# PROBLEM DETAILS
Records follow. Select each line holding "Dress".

[RECORDS SUPPLIED Boundary: Start]

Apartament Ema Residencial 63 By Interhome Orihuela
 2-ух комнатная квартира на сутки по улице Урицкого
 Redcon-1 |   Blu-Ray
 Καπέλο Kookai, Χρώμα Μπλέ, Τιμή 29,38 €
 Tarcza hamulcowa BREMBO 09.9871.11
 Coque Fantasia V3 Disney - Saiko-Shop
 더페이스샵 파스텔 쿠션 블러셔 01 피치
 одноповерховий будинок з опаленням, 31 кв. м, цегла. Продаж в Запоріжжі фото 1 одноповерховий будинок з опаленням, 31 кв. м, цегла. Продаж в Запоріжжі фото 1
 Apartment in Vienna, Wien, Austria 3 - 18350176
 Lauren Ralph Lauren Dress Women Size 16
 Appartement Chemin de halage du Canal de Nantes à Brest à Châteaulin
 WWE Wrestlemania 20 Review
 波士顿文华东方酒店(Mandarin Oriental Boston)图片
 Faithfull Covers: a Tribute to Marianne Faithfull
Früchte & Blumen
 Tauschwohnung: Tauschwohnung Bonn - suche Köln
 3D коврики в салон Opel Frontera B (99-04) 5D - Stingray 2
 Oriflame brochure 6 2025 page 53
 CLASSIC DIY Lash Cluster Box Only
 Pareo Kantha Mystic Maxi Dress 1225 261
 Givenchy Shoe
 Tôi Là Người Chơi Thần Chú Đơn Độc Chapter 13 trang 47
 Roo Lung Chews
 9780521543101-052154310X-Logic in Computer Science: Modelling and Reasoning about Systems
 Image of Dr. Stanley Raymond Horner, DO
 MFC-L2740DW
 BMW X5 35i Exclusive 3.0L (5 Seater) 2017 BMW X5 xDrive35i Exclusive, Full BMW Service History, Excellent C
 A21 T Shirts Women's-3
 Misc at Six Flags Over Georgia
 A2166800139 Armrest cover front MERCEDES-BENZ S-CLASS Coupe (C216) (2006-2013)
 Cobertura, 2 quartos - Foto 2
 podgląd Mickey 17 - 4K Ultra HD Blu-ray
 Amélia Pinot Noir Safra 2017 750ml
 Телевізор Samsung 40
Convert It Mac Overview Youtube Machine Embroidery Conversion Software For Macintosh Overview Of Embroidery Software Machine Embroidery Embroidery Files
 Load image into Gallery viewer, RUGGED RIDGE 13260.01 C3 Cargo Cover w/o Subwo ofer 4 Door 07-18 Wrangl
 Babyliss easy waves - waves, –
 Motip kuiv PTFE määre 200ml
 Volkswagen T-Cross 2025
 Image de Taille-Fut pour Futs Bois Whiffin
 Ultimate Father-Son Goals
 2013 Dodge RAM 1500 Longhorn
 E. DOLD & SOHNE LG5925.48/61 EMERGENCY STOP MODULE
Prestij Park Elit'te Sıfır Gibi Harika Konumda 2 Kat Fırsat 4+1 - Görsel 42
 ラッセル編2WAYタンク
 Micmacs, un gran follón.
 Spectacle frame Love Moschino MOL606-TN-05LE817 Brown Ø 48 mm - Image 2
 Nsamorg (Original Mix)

[RECORDS SUPPLIED Boundary: End]

# SOLUTION TO THIS PROBLEM
 Lauren Ralph Lauren Dress Women Size 16
 Pareo Kantha Mystic Maxi Dress 1225 261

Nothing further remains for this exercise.